Here's a link to the latest newsletter:

http://ebm.mkmail.tivo.com/c/tag/hBHTy9bAtz1FXBlNyAvAxIPjSn9/doc.html

Look for "WishList® Search Suggestion: De-dupe Your Now Playing List" near the bottom.

Drew


----------



## MikeekiM (Jun 25, 2002)

Hmmm... Unfortunately, no "Thumbs Down" on my DirecTV HR20-700


----------



## TiVo Steve (Nov 8, 2005)

Dec. 13th, 10:00 PM USA law & order: criminal intent: senseless (#710)
[7th season fall finale]


----------



## poee (Mar 1, 2005)

> Here's a link to the latest newsletter:
> 
> http://ebm.mkmail.tivo.com/c/tag/hBH...PjSn9/doc.html
> 
> Look for "WishList® Search Suggestion: De-dupe Your Now Playing List" near the bottom.


Thanks, azitnay. Here are the instructions:



> 1. Go to Find Programs, and create a new WishList® search.
> 2. Enter the show title as your first Keyword: Daily Show with Jon Stewart.
> 3. Select "Done entering Keyword."
> 4. Next, select Keyword again, this time entering the generic program description (the following is the generic descriptor for Daily Show): A humorous slant on top news stories.
> ...


Does this work only with SA TiVos? When I tried following these instructions on my DTiVo, I could not complete them, since it describes a step (#4) that I do not see. Select Keyword again? Does that mean edit the WishList I just made in step #2 & #3 to add more keywords, or is it talking about a something else? Has the WishList functionality been changed/improved on SA TiVos compared to DTiVos? (I am running the latest software for DTiVo AFAIK: 6.3e-01-2-151)
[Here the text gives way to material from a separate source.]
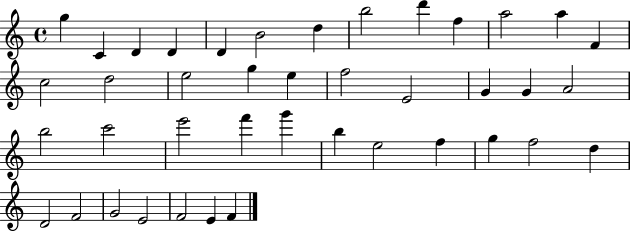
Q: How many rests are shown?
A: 0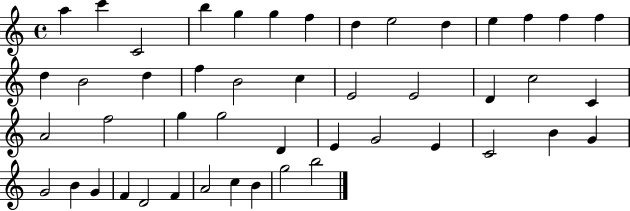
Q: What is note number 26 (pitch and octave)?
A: A4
Thanks for any assistance, and I apologize for being such a WL n00b...


----------



## azitnay (Jan 20, 2003)

Yes, the Wishlist feature was changed quite a bit in a recent software release, which of course DirecTiVos won't get. I wouldn't hold your breath waiting for these features on DirecTiVos.

Drew


----------



## Schmye Bubbula (Oct 14, 2004)

My TiVo guide listing jumped from originally showing this "extended episode" as 1:00 hour to now as 1:03. Some extended episode! I'm still padding it an extra five minutes.


----------



## MikeekiM (Jun 25, 2002)

TiVo Steve said:


> Dec. 13th, 10:00 PM USA law & order: criminal intent: senseless (#710)
> [7th season fall finale]


Wow, that was quick!


----------



## Rob Helmerichs (Oct 17, 2000)

MikeekiM said:


> Wow, that was quick!


Well, it IS USA and the season IS half-over...they like their split seasons almost as much as Sci-Fi!


----------



## MikeekiM (Jun 25, 2002)

Rob Helmerichs said:


> Well, it IS USA and the season IS half-over...they like their split seasons almost as much as Sci-Fi!


Oh...so will USA recognize 2 seasons within a year? So is this the end of the fall season, and we'll see a new season start up after the holidays?


----------



## Rob Helmerichs (Oct 17, 2000)

MikeekiM said:


> Oh...so will USA recognize 2 seasons within a year? So is this the end of the fall season, and we'll see a new season start up after the holidays?


No--it didn't say SEASON finale, it said FALL finale.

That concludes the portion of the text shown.